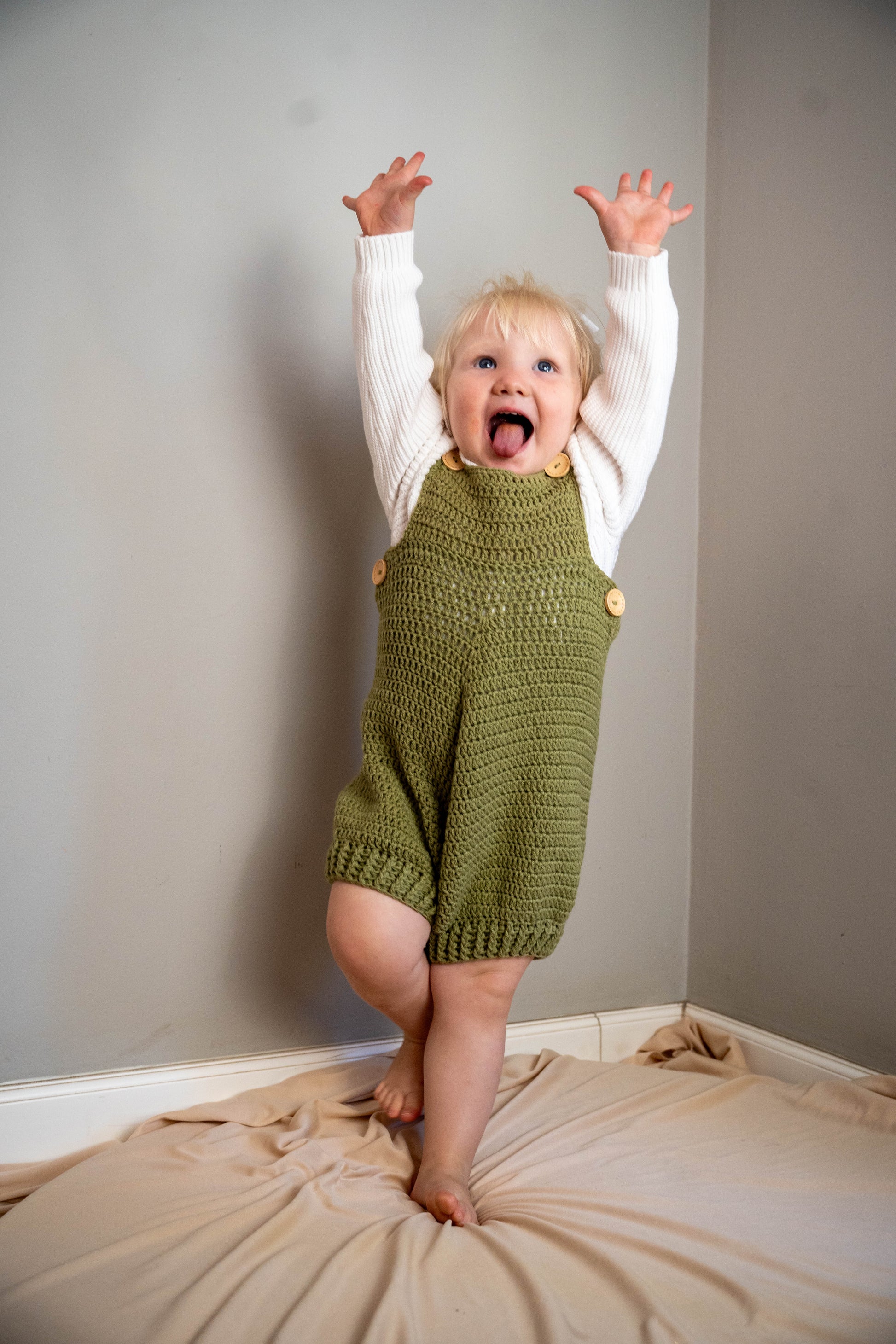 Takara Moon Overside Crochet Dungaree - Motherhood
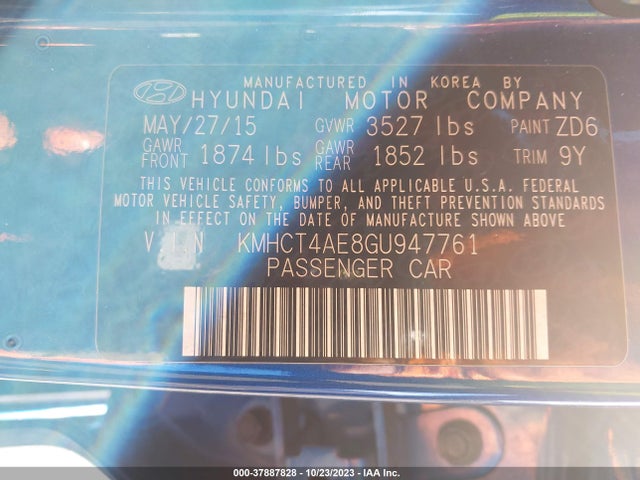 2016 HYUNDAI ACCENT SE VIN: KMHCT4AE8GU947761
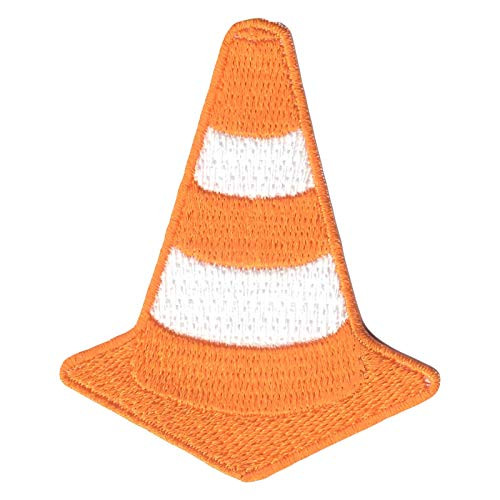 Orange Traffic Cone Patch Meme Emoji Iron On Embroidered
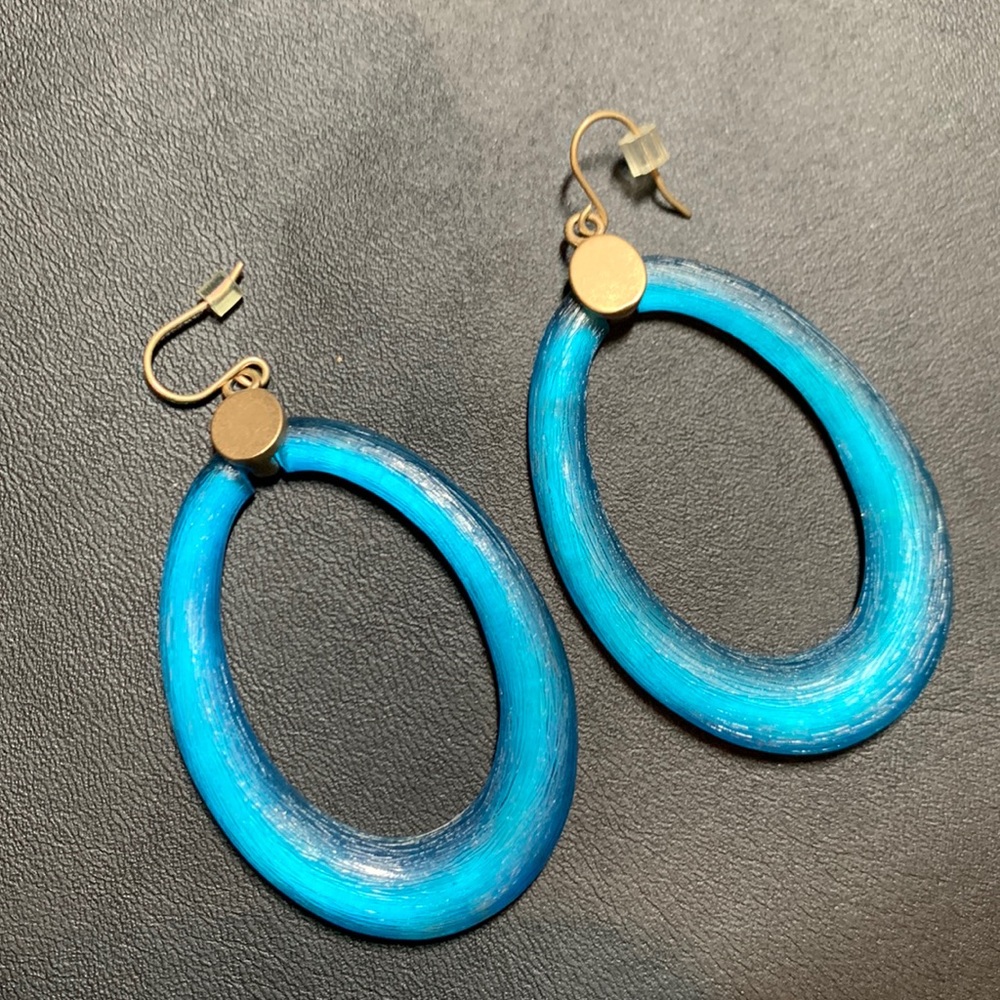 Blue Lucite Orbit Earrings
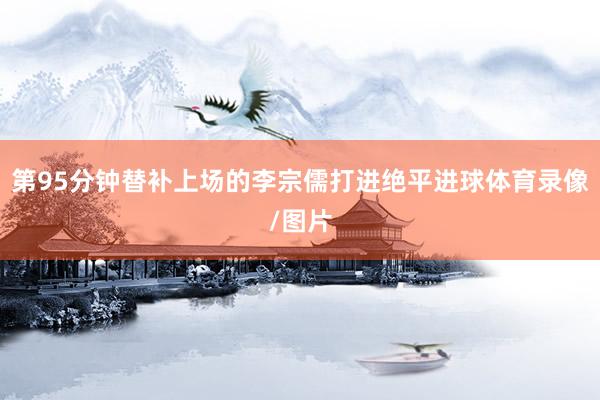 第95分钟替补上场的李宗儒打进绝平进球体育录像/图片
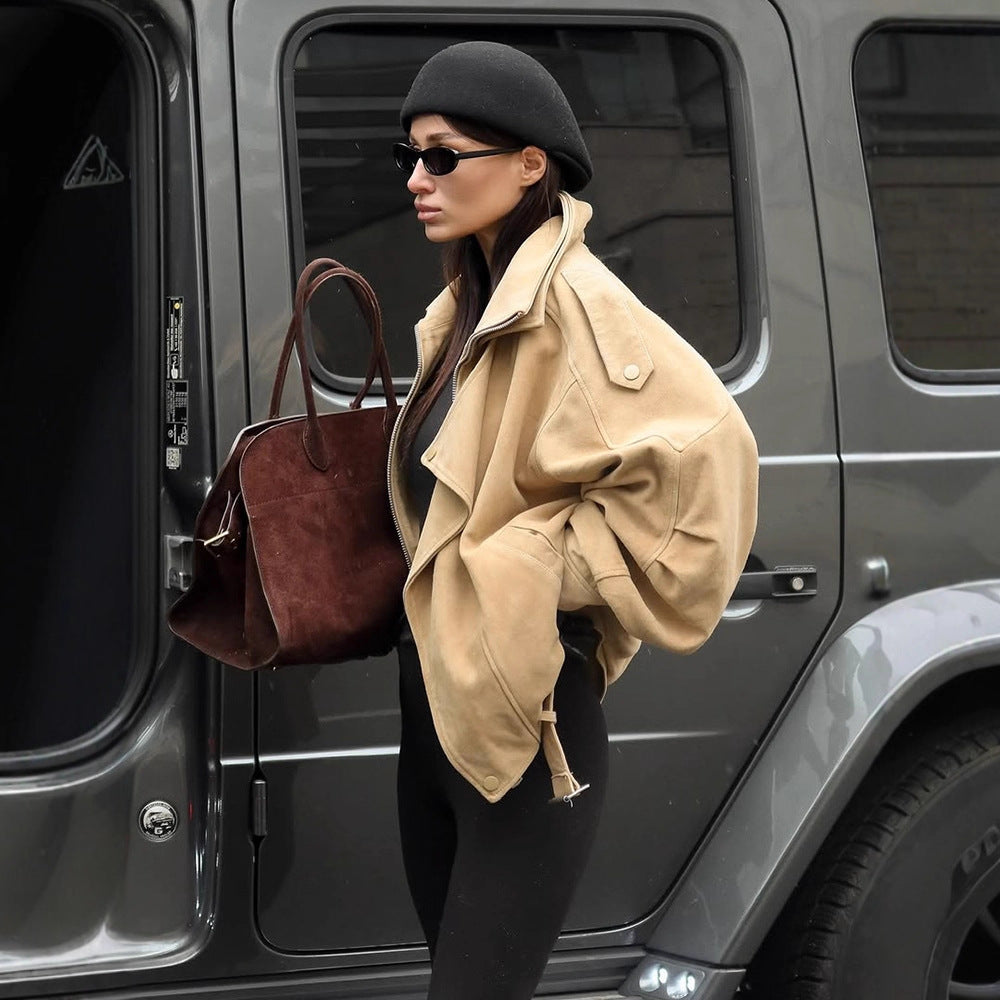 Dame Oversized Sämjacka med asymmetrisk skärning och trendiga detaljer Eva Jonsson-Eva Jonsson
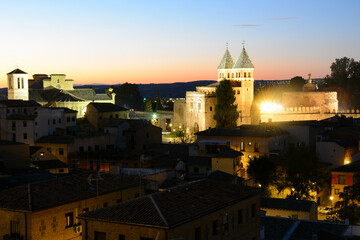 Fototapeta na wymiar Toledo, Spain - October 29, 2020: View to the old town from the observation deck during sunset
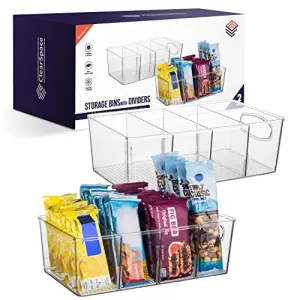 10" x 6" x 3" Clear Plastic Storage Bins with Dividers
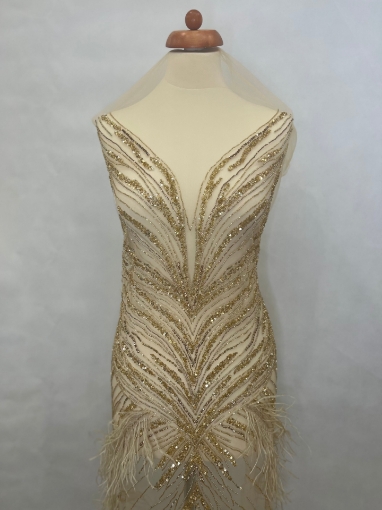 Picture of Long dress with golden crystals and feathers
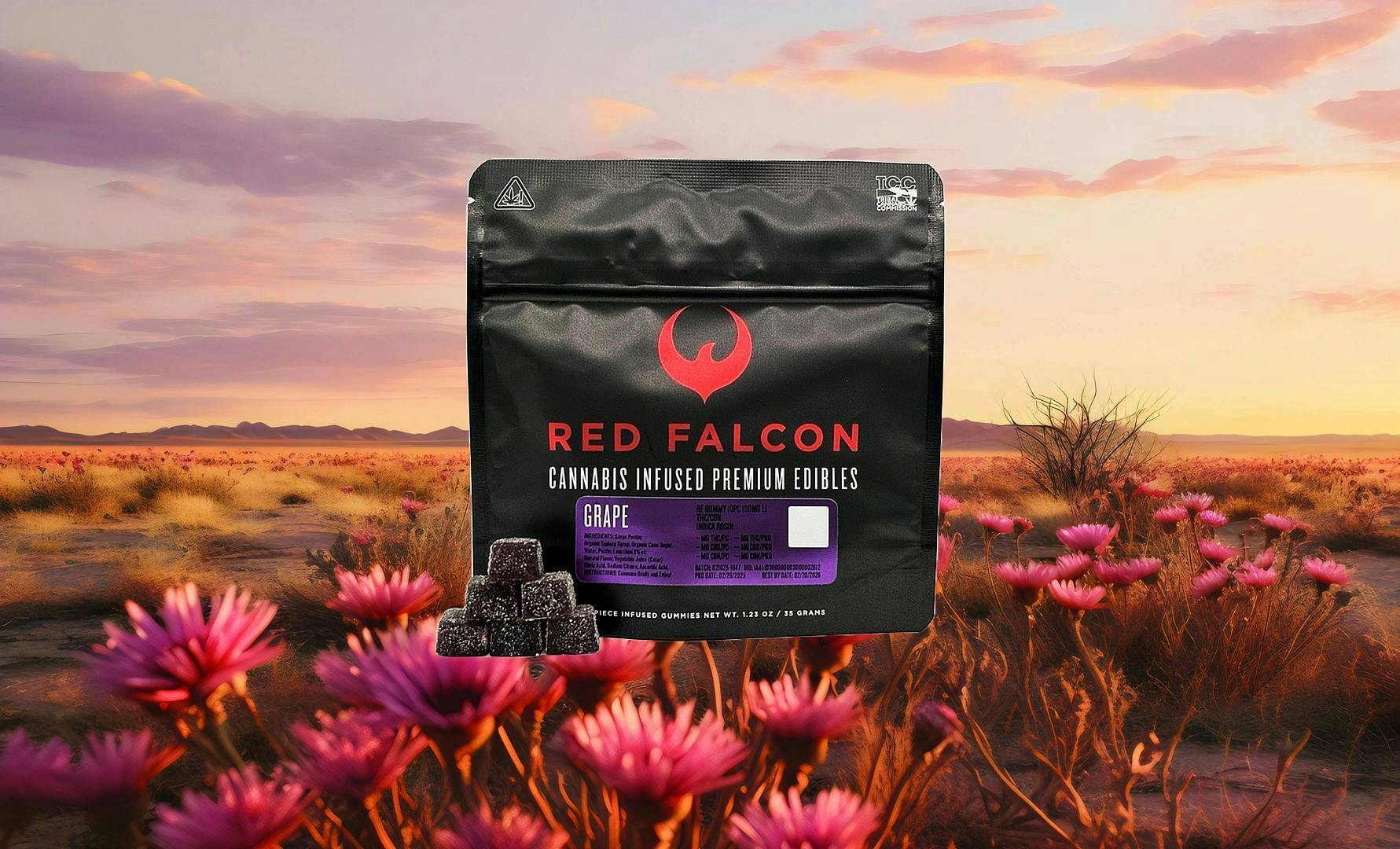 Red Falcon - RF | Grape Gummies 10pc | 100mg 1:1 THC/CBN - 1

-------

Working from the line with "Orange Traffic Cone" to the last line of the material above, repeat each line exactly and leave out the pictures.

 Orange Traffic Cone Patch Meme Emoji Iron On Embroidered
 Blue Lucite Orbit Earrings
 第95分钟替补上场的李宗儒打进绝平进球体育录像/图片
 Dame Oversized Sämjacka med asymmetrisk skärning och trendiga detaljer Eva Jonsson-Eva Jonsson
 Fototapeta na wymiar Toledo, Spain - October 29, 2020: View to the old town from the observation deck during sunset
 10" x 6" x 3" Clear Plastic Storage Bins with Dividers
 Picture of Long dress with golden crystals and feathers
 Red Falcon - RF | Grape Gummies 10pc | 100mg 1:1 THC/CBN - 1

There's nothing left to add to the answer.